The Milwaukee Ballet fired up the Wayback Machine Thursday night, staging a superb production of August Bournonville’s La Sylphide, a ballet that dates from the very origins of the modern art form.

Of course, dance has been around since we first rose up on our hindquarters, but so much of what we now know as ballet began with Bournonville—the ballerina as ethereal (and often otherworldly) object of desire, and the use of pointe work to create that feeling. The story of a doomed romance between a mortal and a spirit (here, a Scottish farmer named James and a woodland sprite called a sylph, respectively) has become a template for story ballets through dance’s Golden Age. On the other hand, the Bournonville style also predates many of the dramatic flourishes we’ve come to expect in classical ballet (courtesy of the Russians). There is no entangled partnering or spectacular pas de deux lifts. The mood is serene and elegant, without crashing Romantic climaxes. Think Mozart serenades rather than booming Tchaikovsky symphonies and you’re on the right track.

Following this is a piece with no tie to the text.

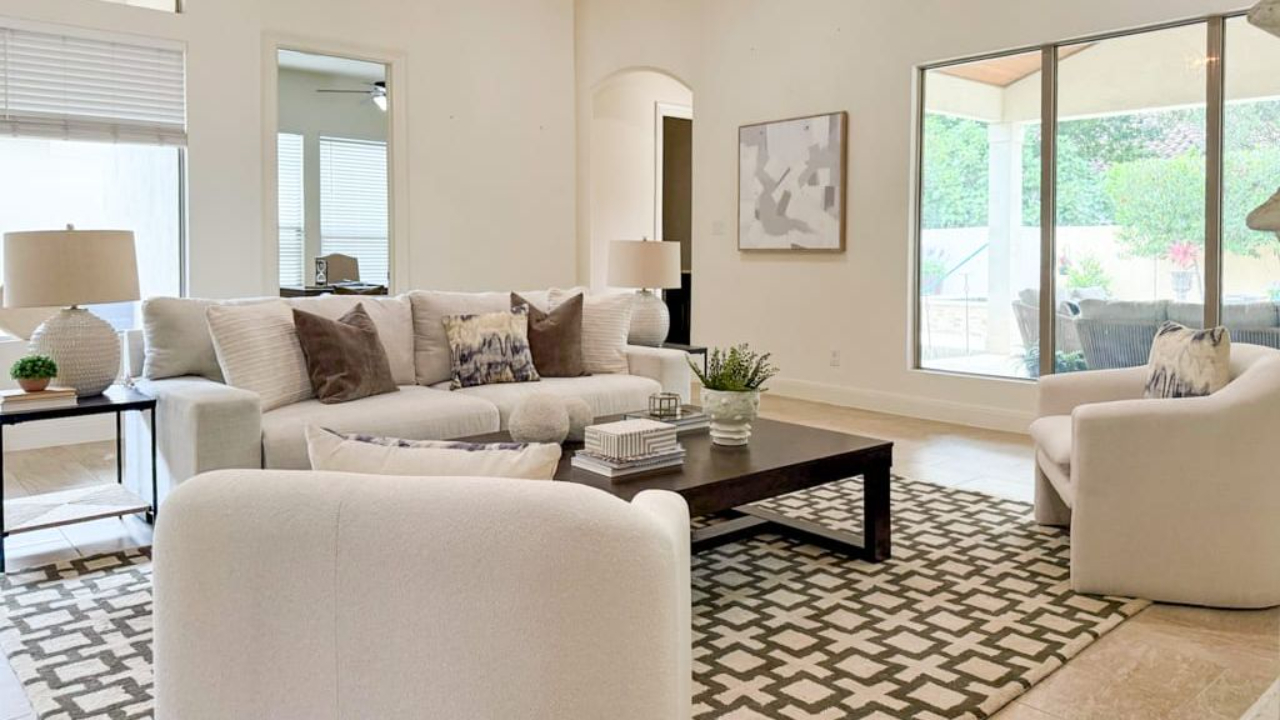 Bright contemporary living room with neutral staging, featuring a cream sofa, curved accent chairs, patterned area rug, dark wood coffee table, and large windows overlooking an outdoor patio.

To master that style, the Milwaukee Ballet brought the Danish choreographer Dinna Bjørn to town to act as répétiteur, a resident expert in Bournonville’s style and choreography. It’s no easy task. When Mikhail Baryshnikov took up the lead role in La Sylphide shortly after moving to America, he found his “classical habits” interfered and asked for extra rehearsals to refine the part. Modern ballet is steeped in the more emotive Russian style—it’s a shared vocabulary. Dancing the Bournonville way means stripping away some of that passionate plenty and moving toward a more refined simplicity. As Bournonville himself put it, “The beautiful always retains the freshness of novelty; the amazing bores in the long run.”

To master that transformation in a short time is no easy task, but the dancers of the Milwaukee Ballet succeed magnificently. You can see it most clearly in the large ensembles. During the wedding party of James and Effie, the corps is tight and precise—Bournonville’s emphasis on stillness in the torsos makes him quite appropriate to Celtic dancing. But the company truly shows its stuff in the first part of Act Two, in which the sylphs gather in the woods. The corps shines with an appropriate reserve and elegance. The ensemble is tight but breathes beautifully. And there are exquisite solo turns by Luz San Miguel and Marize Fumero.

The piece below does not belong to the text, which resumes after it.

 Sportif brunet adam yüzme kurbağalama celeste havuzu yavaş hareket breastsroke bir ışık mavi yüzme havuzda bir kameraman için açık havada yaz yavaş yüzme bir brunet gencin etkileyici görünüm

Luz San Miquel and Davit Hovhannisyan. Photo by Mark Frohna

Davit Hovhannisynan isn’t ideally built to play the Bournonville hero. But that’s a good thing. The lithe Danes dance James with icy, cyborg-like detachment (watch the Royal Danish Ballet’s “authoritative” production). Hovhannisyan isn’t a giant, but he reads large on the stage, and he radiates power and robust emotions. When he performs the role’s spectacular entrechats (vertical leaps in which the legs flutter in midair), you can see his arms and torso tense with efforted stillness. That upper-body emptiness (minus the tension) is a major tenet of the Bournonville style. But in Hovhannisyan, the tension brings a welcome humanity to the often cool formalism of that world.

There’s seldom any tension in San Miquel’s lovely performance as the Sylph. She brings a healthy dollop of coquetry and playfulness to her acting, but the essence of the role lies in her effortless command of the movement. Her pointe work is elegant and precise. And her light-as-air bearing embodies the character with an effortless grace.

You can’t miss Madge, the witch, amid all this reserve. Rachel Malehorn is delightfully sinister, mastering the mime “conversations” that are also a key to Bournonville’s style. Andrews Sill and the Milwaukee Ballet Orchestra turn the unremarkable score (by Herman Severin Løvenskjold into graceful and appropriately dramatic music.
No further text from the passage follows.